FluidityProject / fluidity

Fluidity
http://fluidity-project.org
Other
365 stars 115 forks source link

MPI problem #331

Closed 100souci closed 3 years ago

100souci commented 3 years ago

Hello, One of our users is trying to run a test using one of your test models on our HPC cluster. Running this command: fluidity Stokes-Poiseuille.flml gives this output: An error occurred in MPI_Init on a NULL communicator MPI_ERRORS_ARE_FATAL (processes in this communicator will now abort, and potentially your MPI job) [compute02:108476] Local abort before MPI_INIT completed completed successfully, but am not able to aggregate error messages, and not able to guarantee that all other processes were killed!

I tried this command: mpiexec fluidity /home/user1/tests/Stokes_Poiseuille/Stokes-Poiseuille.flml in a Slurm batch with various values as the number of tasks but I get this error: ERROR Error message: Unable to open mesh/Rectangular_Pipe_7.msh (I get this message x times with x cores)

MPI_ABORT was invoked on rank 11 in communicator MPI_COMM_WORLD with errorcode 16.

NOTE: invoking MPI_ABORT causes Open MPI to kill all MPI processes.

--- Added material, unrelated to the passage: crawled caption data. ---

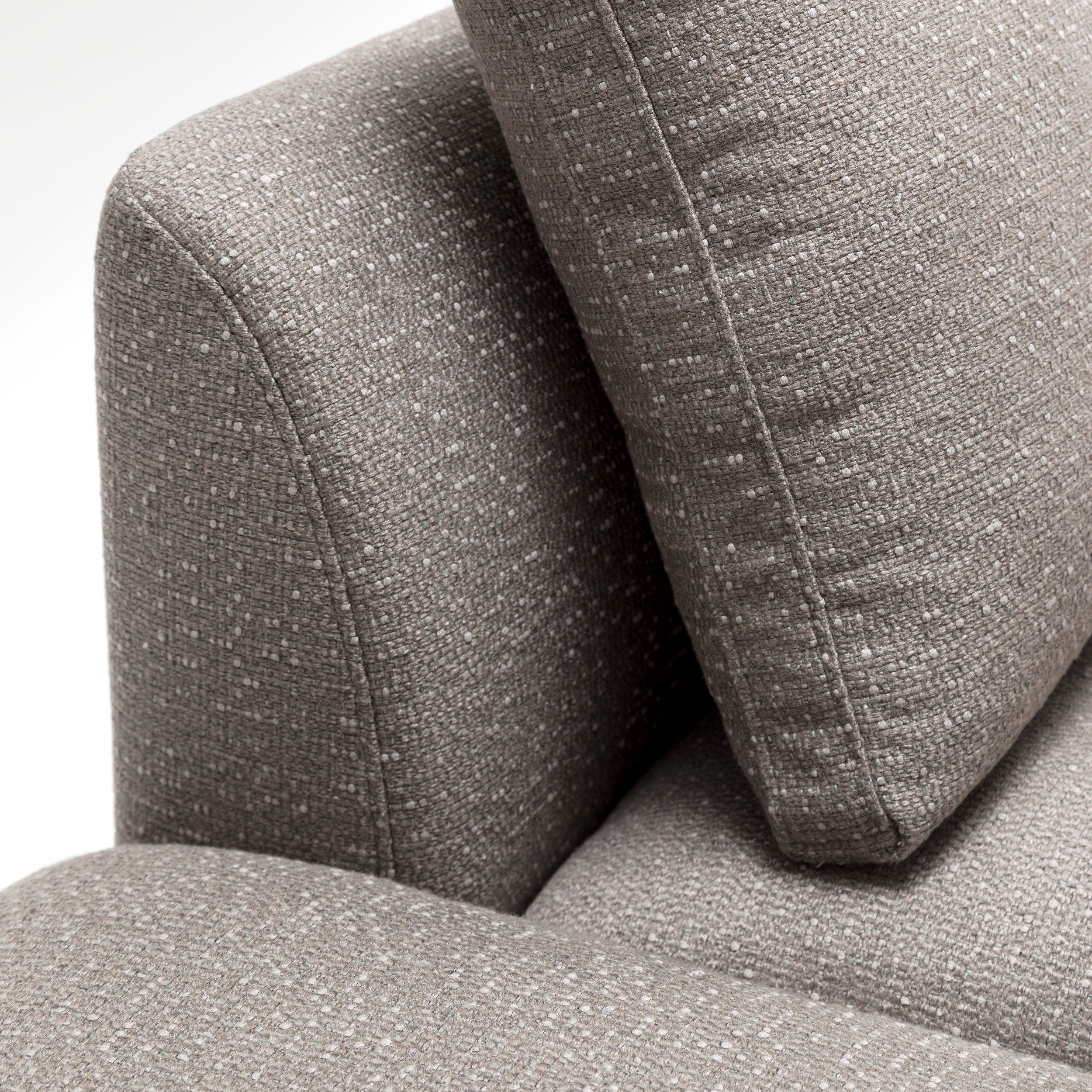 Sofa Kumo von Rolf Benz in Stoff grau als Detailbild offenes Ende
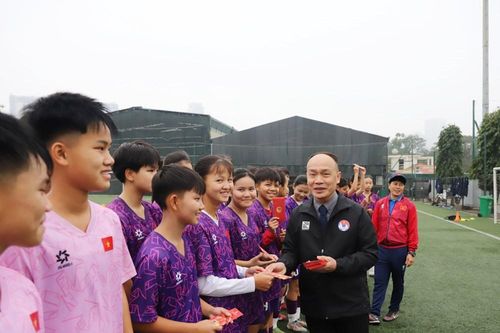 Lãnh đạo VFF chúc Tết các đội dự tuyển nữ trẻ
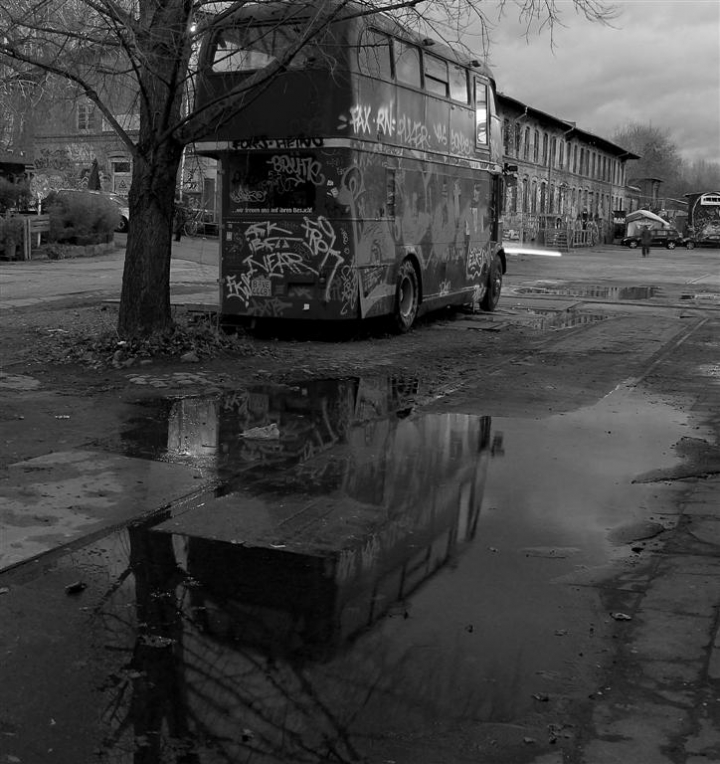 Bus dimenticato di fossabanda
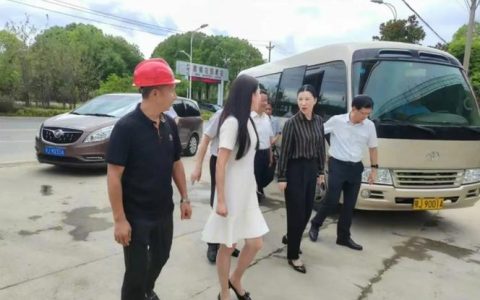 刘洁到黄冈利友光电超宽幅偏光片项目调研时强调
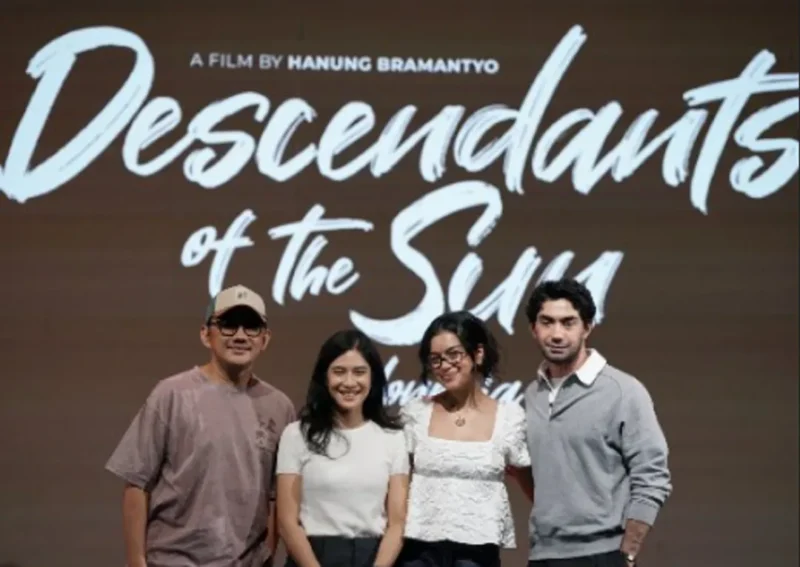 Hanung Bramantyo bersama para pemain Film Descendants of the Sun versi Indonesia. (Foto: IG Dian Sastrowardoyo)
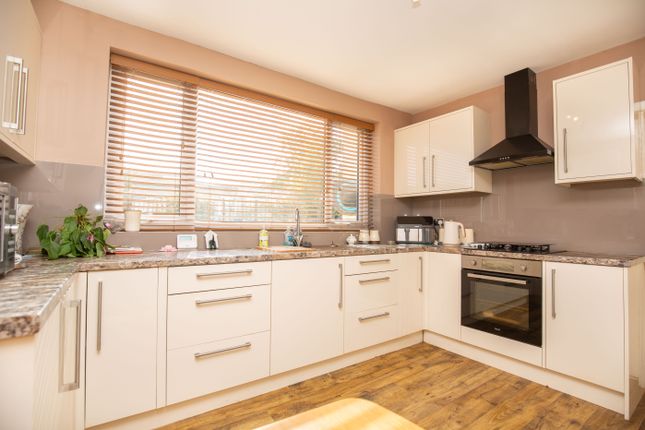 Woodside, 32, Westwood Road, Atherstone photo 4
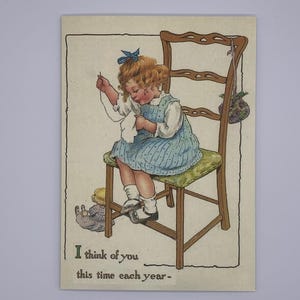 Nähen Geburtstagskarte. Vintage Style Geburtstagskarte für Näherin. Nettes kleines nähendes Mädchen. Retro Geburtstagskarte. 18x13cm. Hergestellt in Großbritannien.
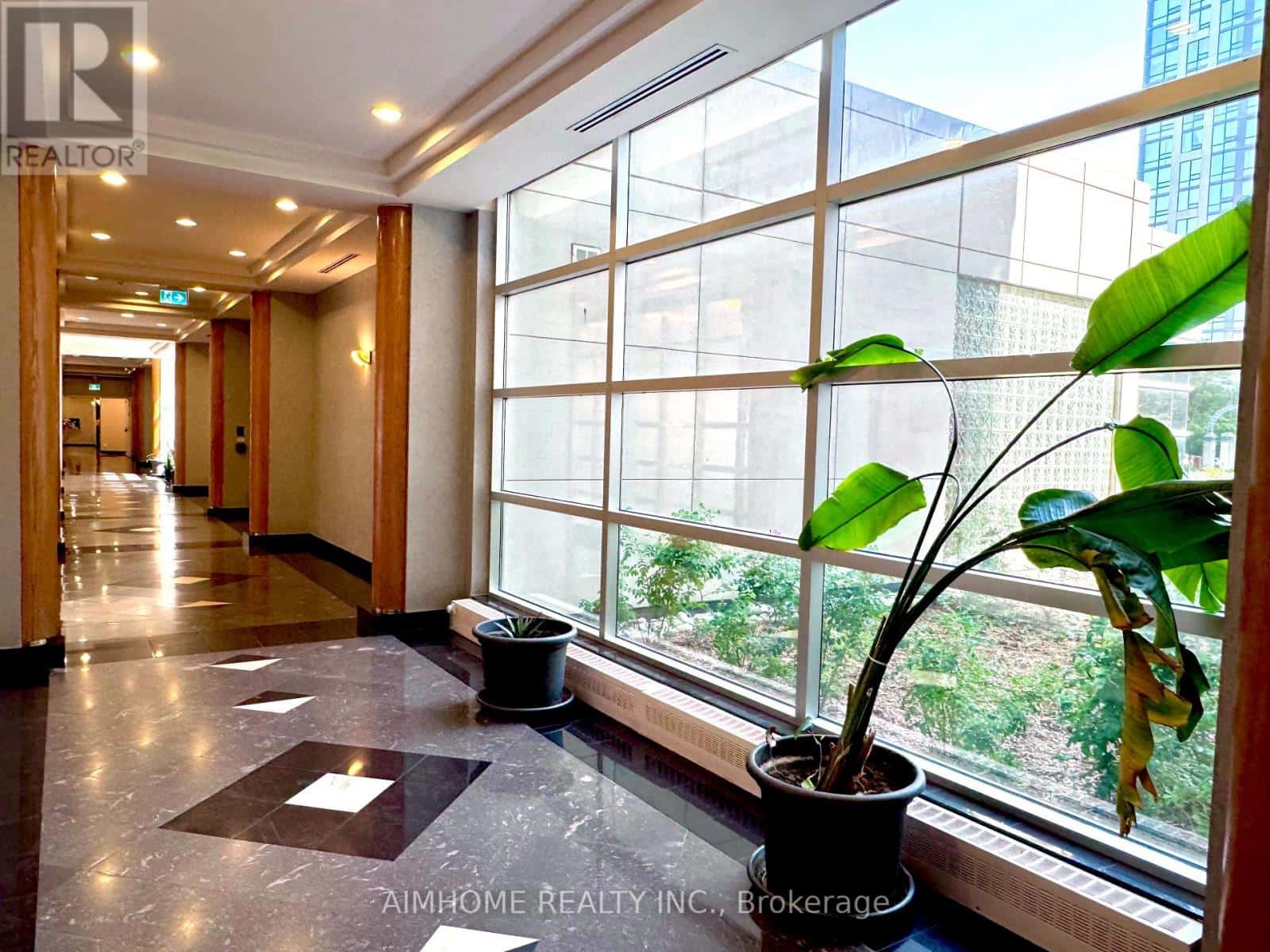 , Toronto (Willowdale East), — Toronto (Willowdale East) - Photo 4 of 21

You may or may not see output from other processes, depending on exactly when Open MPI kills them.

[compute12:183890] 15 more processes have sent help message help-mpi-api.txt / mpi-abort [compute12:183890] Set MCA parameter "orte_base_help_aggregate" to 0 to see all help / error messages

We use OpenMPI 4.0.4 from HPC-X https://developer.nvidia.com/networking/hpc-x

Do you think this is due to our MPI or we don't launch the command correctly?

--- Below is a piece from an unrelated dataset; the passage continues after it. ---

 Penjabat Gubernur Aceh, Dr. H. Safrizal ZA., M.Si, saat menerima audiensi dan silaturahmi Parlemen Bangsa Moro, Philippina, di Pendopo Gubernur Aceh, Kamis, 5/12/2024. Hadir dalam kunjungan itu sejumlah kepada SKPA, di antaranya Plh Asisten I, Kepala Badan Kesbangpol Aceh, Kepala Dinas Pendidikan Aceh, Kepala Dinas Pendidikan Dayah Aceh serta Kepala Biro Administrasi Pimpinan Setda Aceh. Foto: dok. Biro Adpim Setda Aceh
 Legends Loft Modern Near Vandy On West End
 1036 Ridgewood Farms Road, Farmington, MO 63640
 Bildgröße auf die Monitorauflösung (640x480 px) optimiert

Many thanks in advance for your help.

jhill1 commented 3 years ago

Hi there,

The error message is not MPI related. Fluidity couldn't find the mesh specified in the FLML.

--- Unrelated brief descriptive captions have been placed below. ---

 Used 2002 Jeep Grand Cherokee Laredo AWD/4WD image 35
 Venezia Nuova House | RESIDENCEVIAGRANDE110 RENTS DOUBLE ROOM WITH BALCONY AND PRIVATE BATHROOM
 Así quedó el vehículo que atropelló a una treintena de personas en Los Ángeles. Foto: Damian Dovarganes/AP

It's expecting to fin the mesh in mesh/Rectangular_Pipe_7.msh

so in the flml this will appear as mesh/Rectangular_Pipe_7

You may also get this error is the mesh format is incorrect (if I remember correctly). I generally used GMSH v 2.2 format (the mesh file says at the top):

$MeshFormat 2.2 0 8 $EndMeshFormat $Nodes 70344

So check that too.

HTH, J

On 27/07/2021 10:35, 100souci wrote:

Hello, One of our users is trying to run a test using one of your test models on our HPC cluster. Running this command: fluidity Stokes-Poiseuille.flml gives this output: An error occurred in MPI_Init on a NULL communicator MPI_ERRORS_ARE_FATAL (processes in this communicator will now abort, and potentially your MPI job) [compute02:108476] Local abort before MPI_INIT completed completed successfully, but am not able to aggregate error messages, and not able to guarantee that all other processes were killed!

I tried this command:
mpiexec fluidity
/home/user1/tests/Stokes_Poiseuille/Stokes-Poiseuille.flml
in a Slurm batch with various values as the number of tasks but I
get this error:
*** ERROR ***
Error message: Unable to open mesh/Rectangular_Pipe_7.msh (I get
this message x times with x cores)

MPI_ABORT was invoked on rank 11 in communicator MPI_COMM_WORLD with errorcode 16.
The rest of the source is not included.